Your assignment:
Set down each line of the data exactly, but not the pictures.

::::

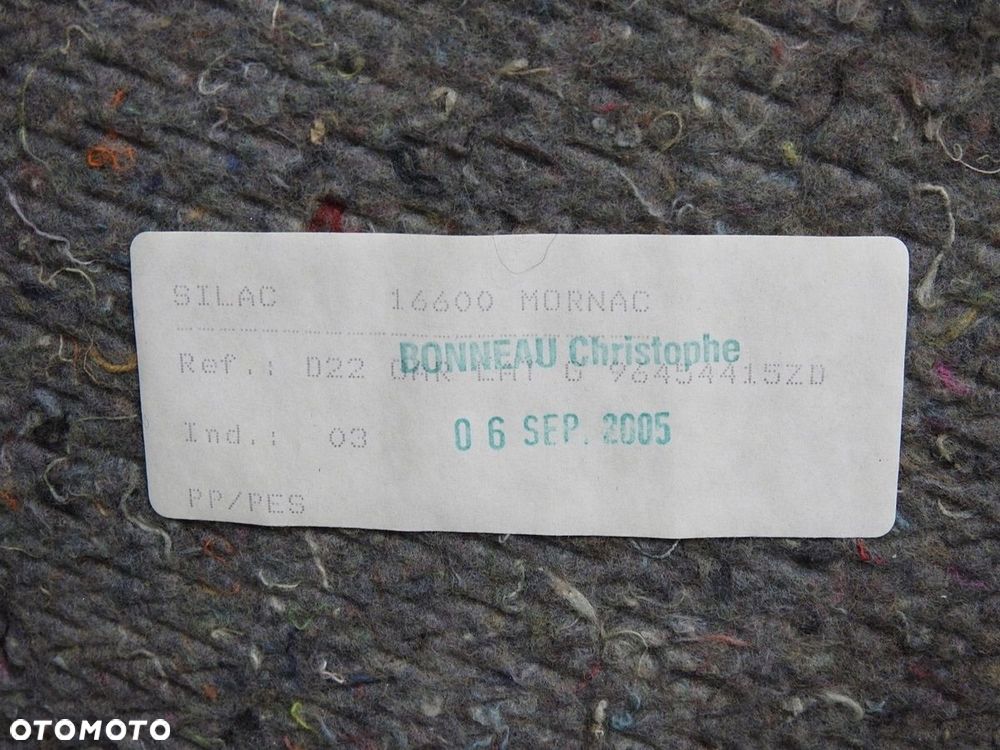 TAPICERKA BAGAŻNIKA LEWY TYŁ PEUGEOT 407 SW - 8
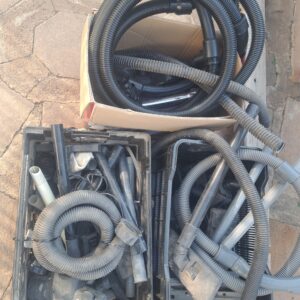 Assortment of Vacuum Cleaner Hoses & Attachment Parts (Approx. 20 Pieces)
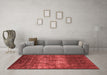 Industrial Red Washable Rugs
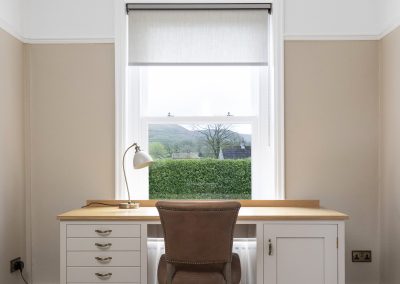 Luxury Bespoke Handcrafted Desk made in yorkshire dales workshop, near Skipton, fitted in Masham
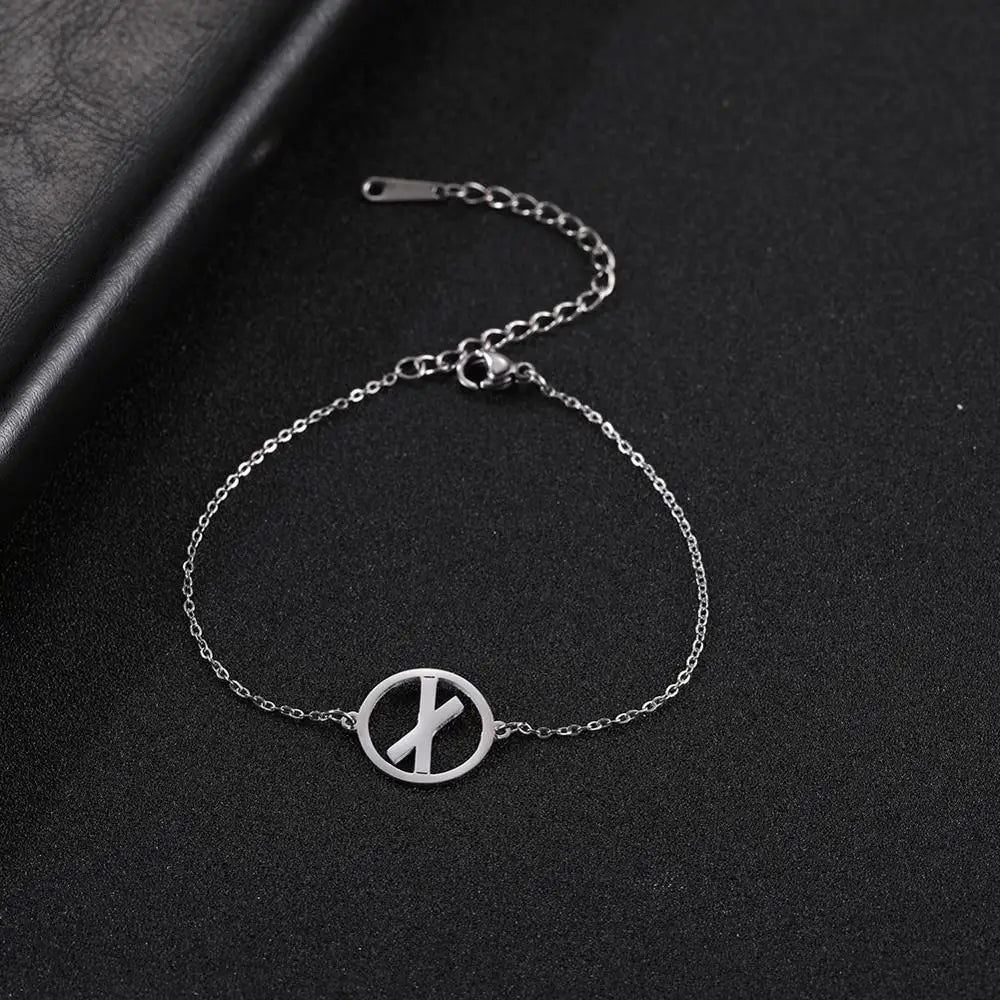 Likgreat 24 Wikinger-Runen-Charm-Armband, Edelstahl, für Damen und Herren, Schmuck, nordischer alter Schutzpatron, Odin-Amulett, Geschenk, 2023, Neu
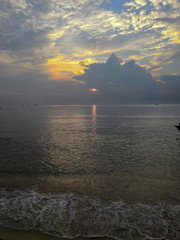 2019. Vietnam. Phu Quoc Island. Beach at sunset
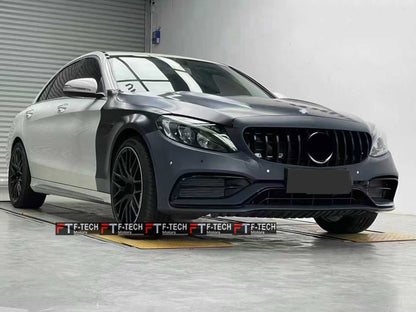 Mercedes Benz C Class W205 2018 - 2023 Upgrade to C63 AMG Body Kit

::::

Written answer:
 TAPICERKA BAGAŻNIKA LEWY TYŁ PEUGEOT 407 SW - 8
 Assortment of Vacuum Cleaner Hoses & Attachment Parts (Approx. 20 Pieces)
 Industrial Red Washable Rugs
 Luxury Bespoke Handcrafted Desk made in yorkshire dales workshop, near Skipton, fitted in Masham
 Likgreat 24 Wikinger-Runen-Charm-Armband, Edelstahl, für Damen und Herren, Schmuck, nordischer alter Schutzpatron, Odin-Amulett, Geschenk, 2023, Neu
 2019. Vietnam. Phu Quoc Island. Beach at sunset
 Mercedes Benz C Class W205 2018 - 2023 Upgrade to C63 AMG Body Kit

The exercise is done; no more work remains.